INTEGRATING AYAHUASCA
The Challenges of Reentry into a Western Lifestyle after taking Indigenous Medicines
In the last couple of years, I had the privilege of experiencing Ayahuasca both in Peru at Los Cielos and Colombia at La Wayra under the care of competent Shamans. The experience has been difficult and positively life-changing at the same time, but the true challenge started when I returned to my own world.
Ayahuasca is a potent plant-based brew traditionally used by indigenous Amazonian cultures for spiritual and healing purposes. The Canadian physician Gabor Maté has popularized its use by writing and speaking extensively about its healing benefits, prompting more and more of us to seek healing, spiritual enlightenment, and personal growth through its use
The experiences with Ayahuasca can be profound and life-altering, yet for us from the global north, they tend to offer only fleeting relief. It feels like unlocking a door to one's inner world. It's a mind-bending experience, offering insights that make everything seem clear momentarily. It's akin to glimpsing a movie's preview—it's incredible but doesn't alter the ending of our movies unless we work at it. We from the overdeveloped world often dive into these ceremonies without fully grasping the rich cultural context behind Ayahuasca, missing the deep traditions and the profound ways it's intertwined in the lives of those who've used it for generations.
The problems start after the ceremonies end. Integrating the mind-altering experiences into everyday life becomes a daunting task. Returning to our familiar environments, they tend to slip away if we fail to apply the insights gained actively—much like having an epiphany, only to forget it a week later. Without ongoing self-work, changes, and the continuity of that elevated state, the ayahuasca encounter can feel like a temporary, albeit fascinating, escape. Yet, even with dedicated efforts for personal transformation, altering the surroundings that initially led us to seek change is nearly impossible.
Reflecting on a recent visit to New York City made this reality crystal clear to me. Ayahuasca had sensitized me not just to my inner world but also to my surroundings. Feeling compassion and connection with myself and others was powerful, yet it became challenging in a city where such sensitivity is not embraced. To protect my own mental sanity at the sight of so much senseless misery and distasteful luxury, I had to disconnect from not only the world around me but also myself. Witnessing the injustices of homelessness juxtaposed with materialistic affluence, the crimes against nature in environmentally unsustainable places like Times Square or the social fragmentation seen as anger or loneliness in people's eyes became too distressing. But in doing so, all my good work of integrating my Aya experiences with the world I have always lived in started to unravel.

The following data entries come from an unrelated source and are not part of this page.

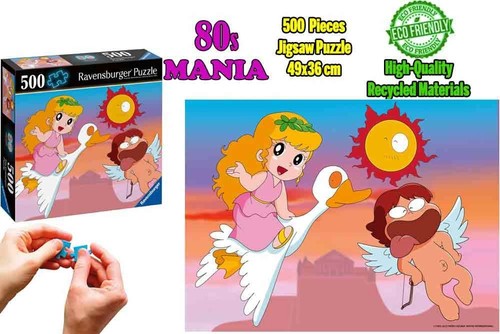 Puzzle pollon années manie - années,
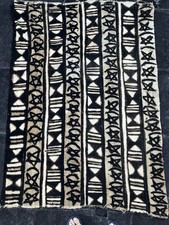 Tissu Imprimé . Africain Bogolan Mali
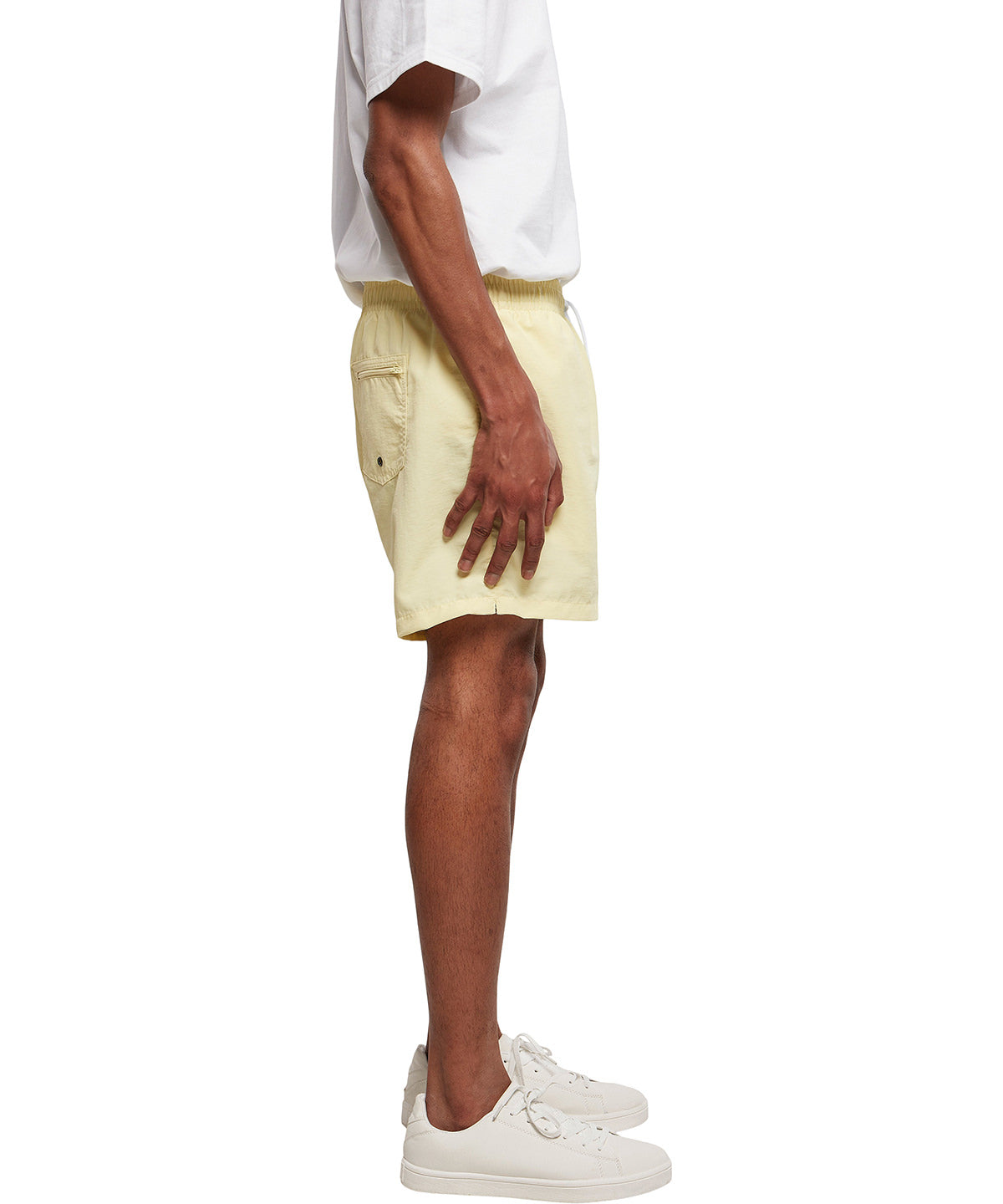 Basic Swim Shorts  - Dark Shadow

Trying to retain the profound effects of an ayahuasca journey within the materialistic Western context presents significant hurdles. The clash between the spiritually enriched Aya experience and the Western world's material success and consumerist values is stark. The lessons and healing derived from ceremonies get diluted and contradicted by the prevailing societal ethos.

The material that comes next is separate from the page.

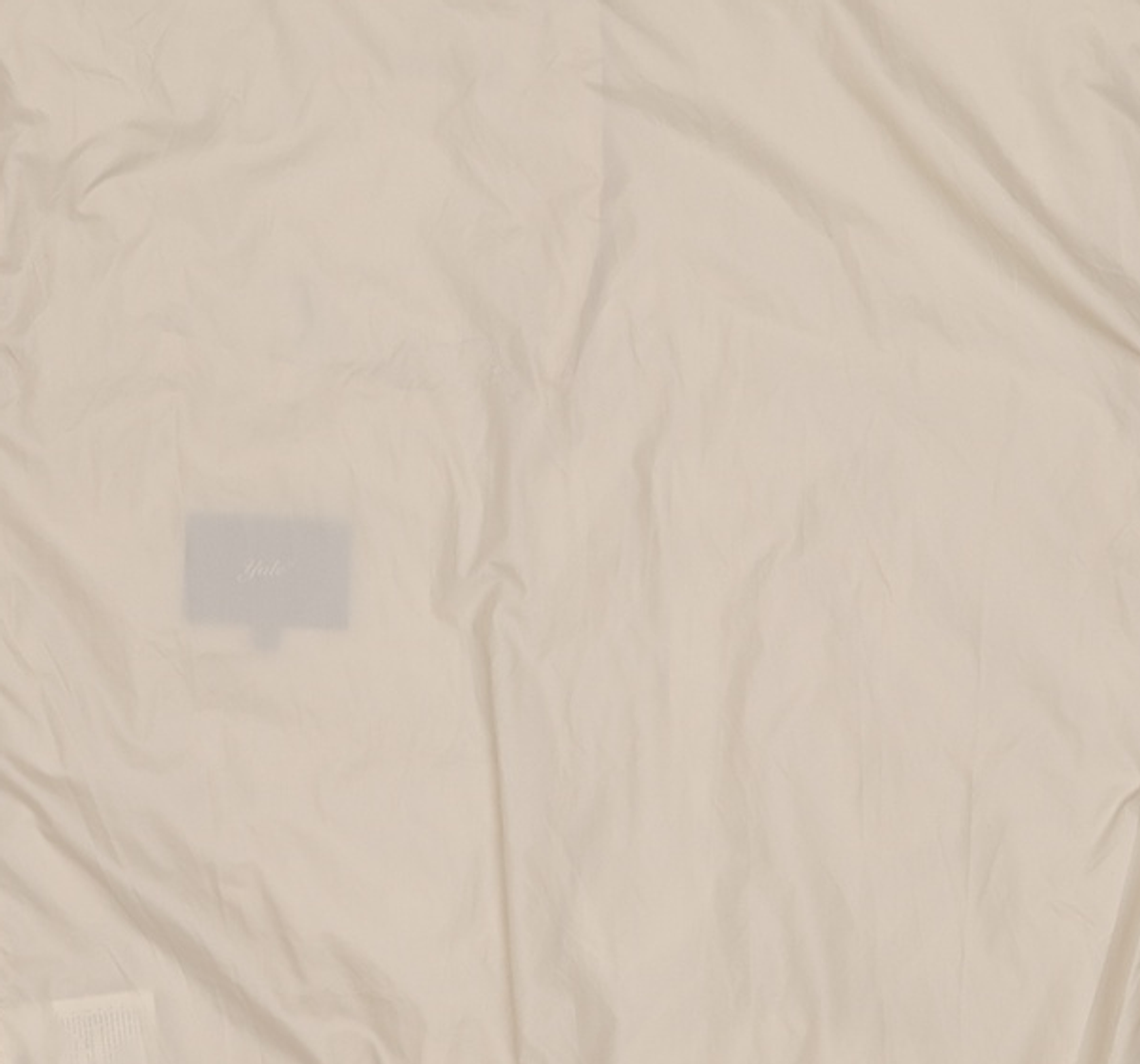 예일(YALE) [PERTEX] LIGHT WEIGHT HARRINGTON JACKET IVORY 1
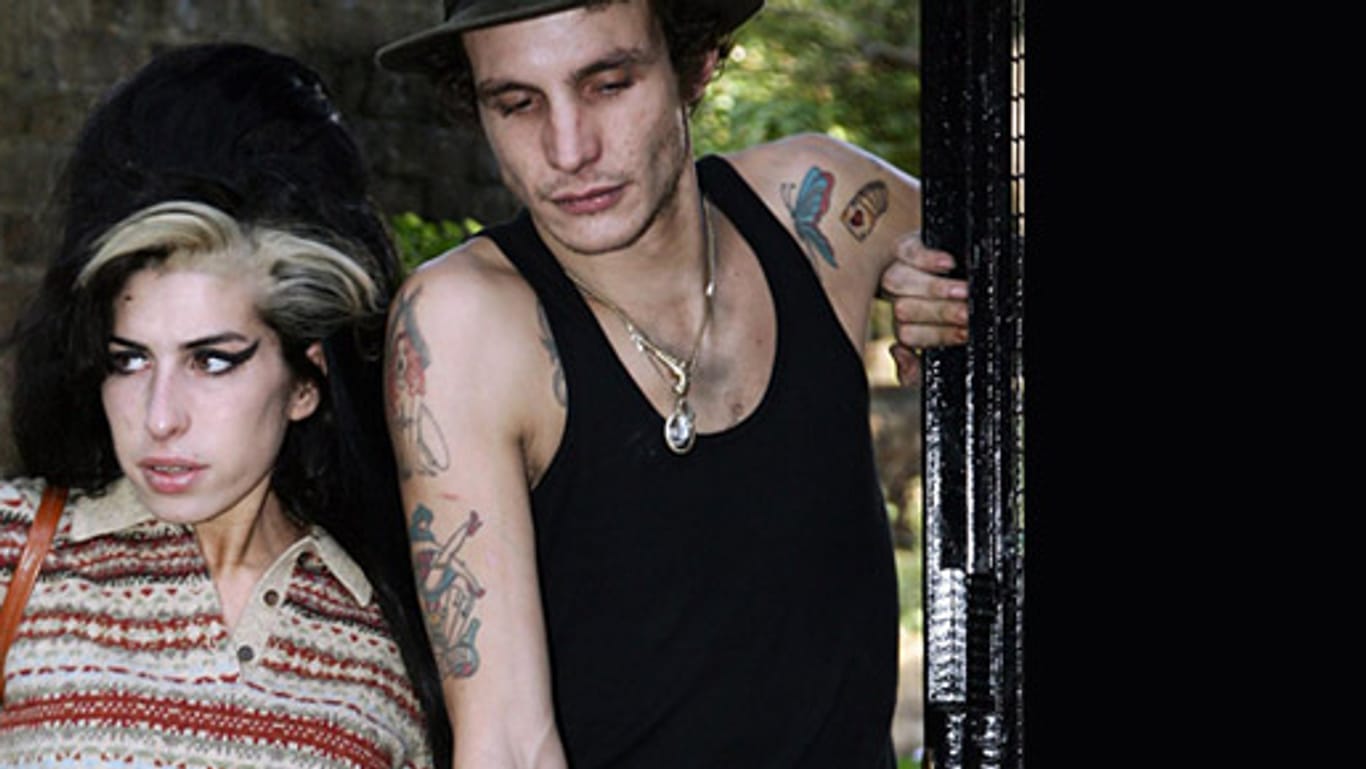 Amy Winehouse und Blake Fielder-Civil im Jahr 2007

Finding the necessary support and resources for integrating the revelations gained through Ayahuasca into the Western lifestyle is still challenging. The fast-paced nature of Western life contradicts the deliberate and reflective approach required to absorb and apply the wisdom acquired, hindering efforts to sustain these changes.
A major challenge is the societal nonconformity one might experience as one starts questioning values. Altered perspectives gained from Ayahuasca often conflict with conventional expectations and social norms of our world, leading to a sense of isolation or disconnection from the mainstream.

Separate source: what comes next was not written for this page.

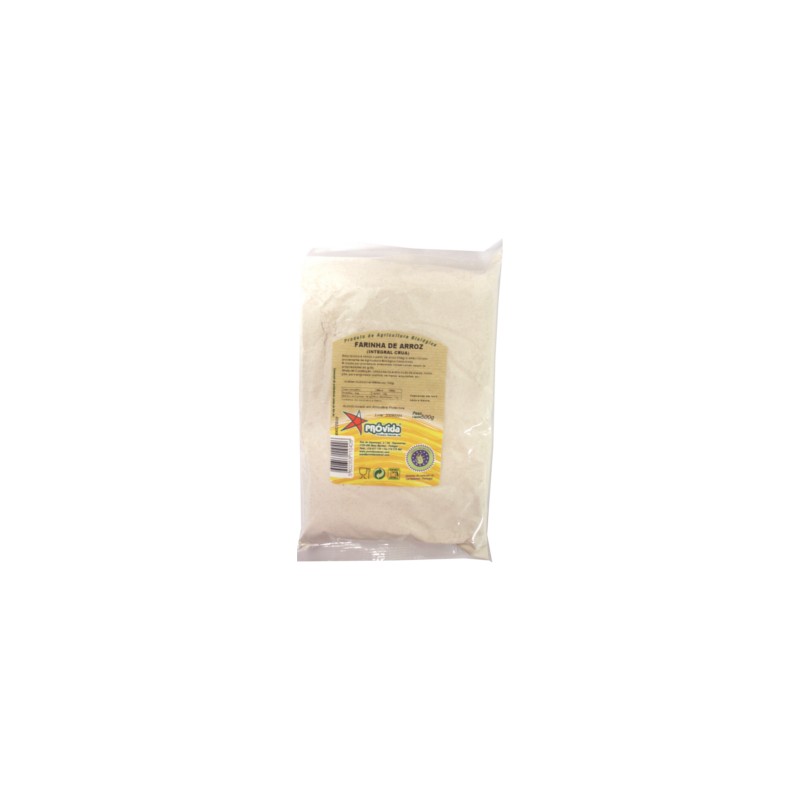 Farinha de arroz biológica 500g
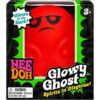 NeeDoh Glowy Ghost Orange Witch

Preserving and integrating the healing benefits of Ayahuasca within a Western societal framework, with its values often conflicting with the insights gained during ceremonies, poses a significant struggle. The discrepancy between those values and the profundity of the Aya experience makes any progress challenging to sustain and embody the transformation over time.
This struggle is primarily due to the lack of means for holistic integration, cultural understanding, and ongoing support. For indigenous individuals, Ayahuasca is deeply entrenched in their cultural heritage, used within traditional ceremonies guided by experienced shamans. The experience is woven into their spiritual beliefs, community practices, and collective understanding, seen as a tool for healing, connecting with ancestors, and gaining insights. Indigenous perspectives emphasize unity with nature, ancestors, their community, and the cosmos.
In contrast, we approach Ayahuasca from an individualistic, therapeutic perspective, seeking personal healing, self-discovery, psychological insights, or, worse of all, the thrill of drug-induced hallucinations. The benefits we gain do not hold up once we are resubmerged into our fast-paced, selfish lifestyles, even if we work diligently at integration.
Until the West finds a new paradigm that makes people's emotional well-being a higher social priority in a system geared towards generating material profits, the integration of insights gained from Ayahuasca and the active dedication to personal growth beyond the confines of the ceremonial space will remain an uphill battle. For now, it is up to the individuals to protect as much of their Aya healing from a system that is geared towards generating billions of dollars in profits at the expense of the general well-being and the mental health of millions.